Donald Trump famously believes the Iran deal is “the worst deal ever.” He campaigned on the promise to take a tougher stance against Iran, which has been on America’s list of “state sponsors of terrorism” for nearly 35 years. Now that he is president, Trump appears to be on course to withdraw the US side of the bargain unless it gets “fixed.”
If Trump doesn’t sign the next scheduled sanctions waiver on May 12, US participation in the deal will effectively end, which would likely send the whole agreement unraveling.
The EU’s take on the deal
So far, the IAEA has repeatedly certified Iran’s full compliance with the agreement, and the European Union has deferred to its judgment. When the first signs appeared that President Trump might want to kill the deal, European signatories rose to its defense, the consensus being that it remains the best mechanism to keep tabs on Iran’s nuclear program.
With the countdown running to May 12, rhetoric from the UK, France, and Germany has shifted somewhat. They still believe the JCPOA needs to be protected, but they now want a new deal, which would also limit Iran’s ballistic missile development, somehow contain the spread of its influence in the Middle East, and provide further limits on its nuclear program past 2025, when the JCPOA term expires.
What does Israel say?
Israeli Prime Minister Benjamin Netanyahu is a big fan of show-and-tell presentations and a long-time opponent of the JCPOA. Back when it was still in the making, he claimed it was too lenient and leaves room for nuclear weapons research.

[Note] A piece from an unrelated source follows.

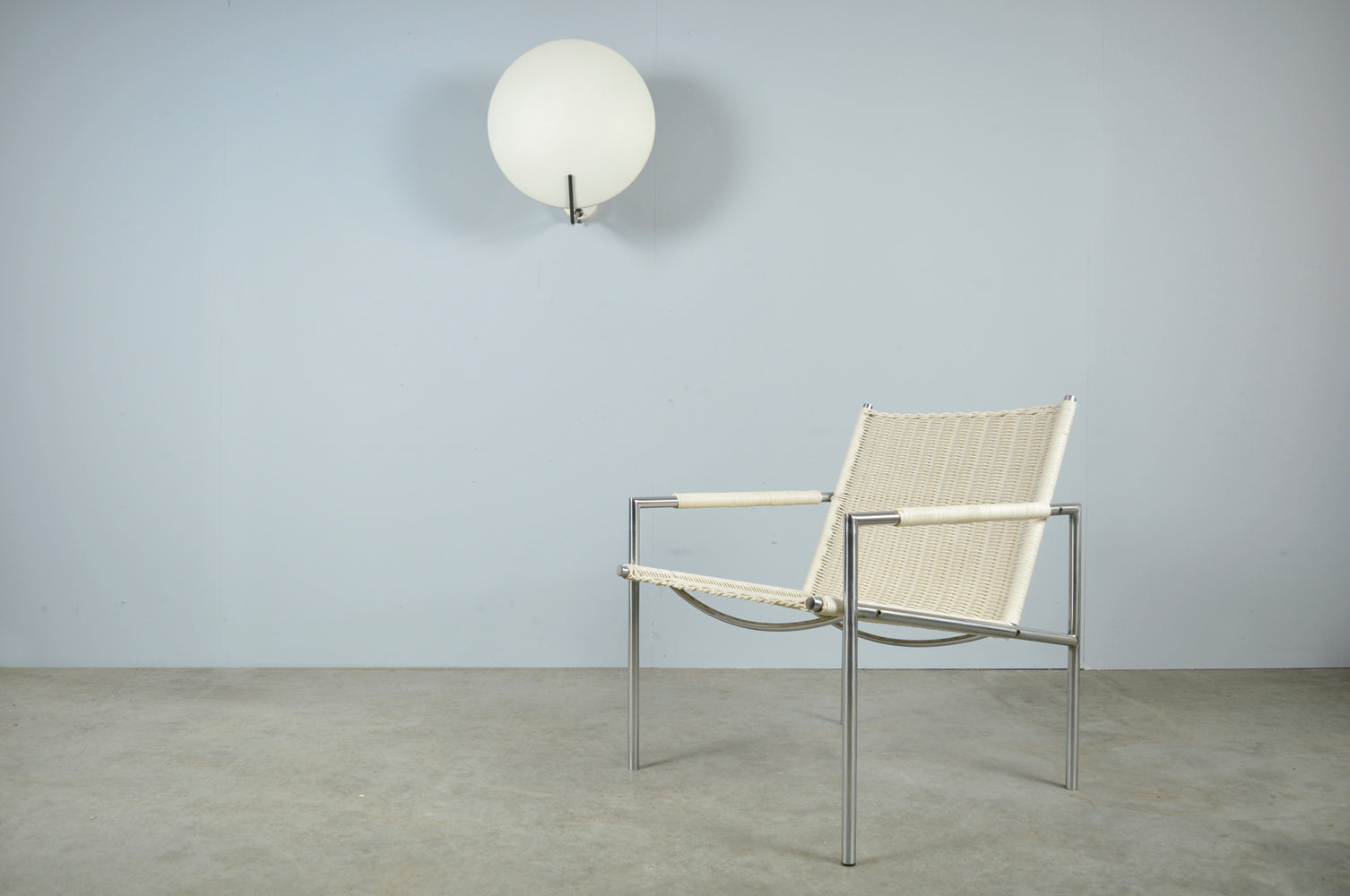 Stilnovo_rare_wall-_or_ceiling_lamp_model_232_by_Bruno_Gatta,_Italy_1960s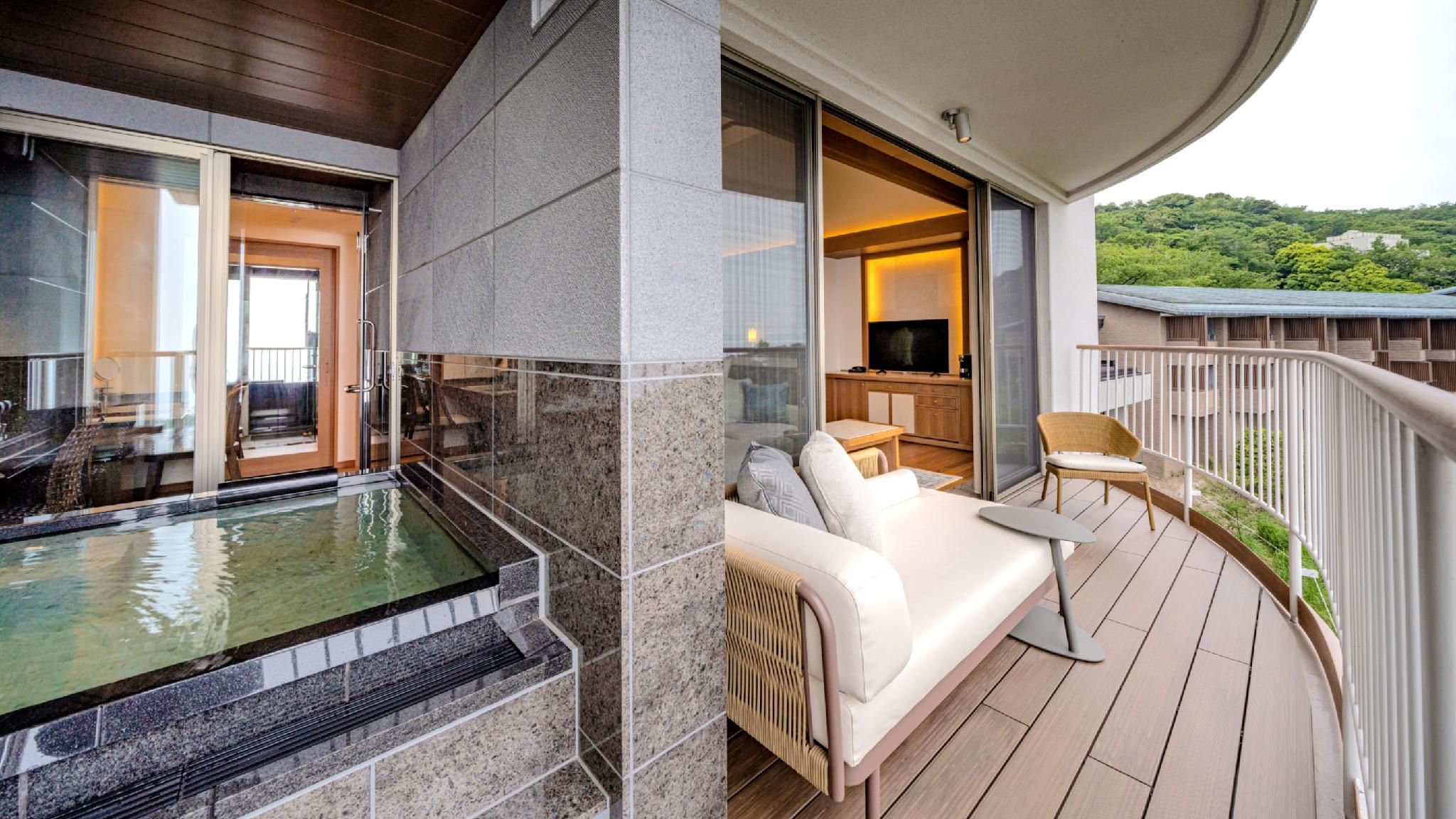 Deluxe Terrace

Well-timed for the looming May 12 deadline, he has rolled out “100,000 secret files,” supposedly obtained by Israeli spies, that “prove” Tehran has been developing nukes, whatever IAEA inspectors say.
Israel’s take is not only important because Tel Aviv and Tehran are arch-enemies historically, constantly hurling belligerent rhetoric at each other. It also has weight with the US; Trump has said Netanyahu’s claims are among the things that showed him he had been “100 percent right” about the Iran deal.
What does Iran say?
As the JCPOA looks set to crumble, surprisingly few of the Western signatories have actually asked for Iran’s opinion. When French President Emmanuel Macron did phone Tehran last week, his counterpart, Hassan Rouhani said the JCPOA is non-negotiable and made it clear Iran won’t accept further restrictions beyond what’s already been agreed in 2015. Both Rouhani and Foreign Minister Mohammad Javad Zarif have indicated that Iran will withdraw from the deal if US sanctions are reinstated.